### Work request
Could you copy the lines below exactly, leaving none out?

### Recorded information
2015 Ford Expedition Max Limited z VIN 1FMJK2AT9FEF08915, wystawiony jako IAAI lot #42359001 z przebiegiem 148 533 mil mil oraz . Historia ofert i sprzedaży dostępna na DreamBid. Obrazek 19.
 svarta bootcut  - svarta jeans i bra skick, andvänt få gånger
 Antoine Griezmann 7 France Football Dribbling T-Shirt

### Solution
2015 Ford Expedition Max Limited z VIN 1FMJK2AT9FEF08915, wystawiony jako IAAI lot #42359001 z przebiegiem 148 533 mil mil oraz . Historia ofert i sprzedaży dostępna na DreamBid. Obrazek 19.
 svarta bootcut  - svarta jeans i bra skick, andvänt få gånger
 Antoine Griezmann 7 France Football Dribbling T-Shirt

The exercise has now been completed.